Bu siyasete aklı geç erenlere, geçmiş seçimlerin daha mı az önemli olduğu sorulduğunda veya önceki yıllarda yapılan seçimlerin Türkiye’nin geleceğini belirleme açısından daha mı az önemli olduğu sorulduğunda kekemeye dönmeleri insanı şaşırtıyor.
En garibime giden de yıllarca siyasete karşı olanların bu seçimde heyecan içinde bir siyasi partiyi desteklemelerinin tuhaflığıdır.
Bunlardan bazıları bir siyasi partinin taraftarlarının kendilerine yaptıkları tenkidi “parti din değildir” diye red edip farklı sözlerle itham ederlerken şimdilerde imamların her Cuma günü minberde okudukları “Muhakkak ki Allah, adaleti, iyiliği, akrabaya yardım etmeyi emreder, çirkin işleri, fenalık ve azgınlığı da yasaklar. O, düşünüp tutasınız diye size öğüt veriyor” MEALİNDEKİ Nahl Suresinin 90. Ayetinin akrabaya yardım etme bölümünü kendilerince seçimde oy verme olarak anlayabilmektedirler.
Anlamakta zorlandığımız bir diğer grup ise, içlerinden çıktıkları siyasi yapıyı elleri ile yokluğa mahkum ettikten sonra seçimde alınan sonuçlara bakarak size verilen oylar boşa gitmiştir mavalına sarılmalarıdır.
Yıllarca diğer partiler tarafından kendilerine söylenmiş bu sözü şimdi siyasi çokluklarıyla övünerek içinden çıktıkları siyasi partiye yöneltmiş olmaları aşağılık kompleksinden başka bir şey olmasa gerek.
En başta söyledik son haftaya girdik diye.
Son haftaya girmiş olmamız nedeniyle bu arada yavaş yavaş seçim totoların da başladığını görmekteyiz.
Seçimlerden tek parti iktidarının çıkıp çıkmayacağı ile vatandaş arasında terör örgütü ile bir tutulan bir siyasi partinin bu defa da barajı aşıp aşamayacağı gibi konular favori iddia konuları olarak konuşulmakta.
Arkadaş gruplarından tutun da komşu esnaflar arasında bile siyaset bezirgânlarına taş çıkaracak seçim totoların vatandaşımıza neler unutturduğuna gelince;
Mesela sınır komşumuzdaki vahşi savaşın mazlumları unutturuldu.
Mesela Suriye de ekmeğin fiyatının 20 liraya yaklaşmış olması unutturuldu.
Mesela Hz.

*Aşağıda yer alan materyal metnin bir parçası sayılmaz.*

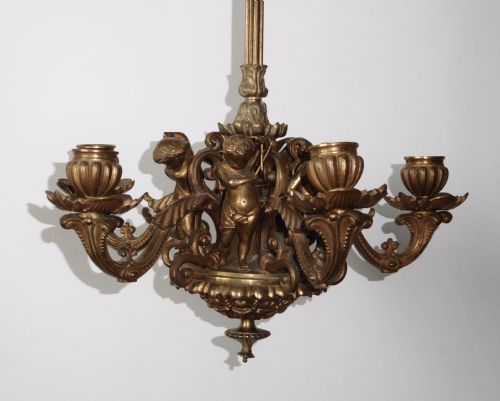 fig 1. LITTLE VICTORIAN BRASS CHANDELIER WITH CHERUBS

Hüseyin’in(ra) şehadetine yas tutanların yezidi lanetlerken İran Rusya ortaklığı ile Suriye ve Irak’ta yaptıkları vahşetler ve yezidlikler unutturuldu.
Mesela Rabia Meydanı da, Sisinin yaptığı rezillikler de unutturuldu.
Daha çok unutturulan var derseniz;
Unutturulanlardan ayamadıklarımız elbette bunlardan daha fazladır.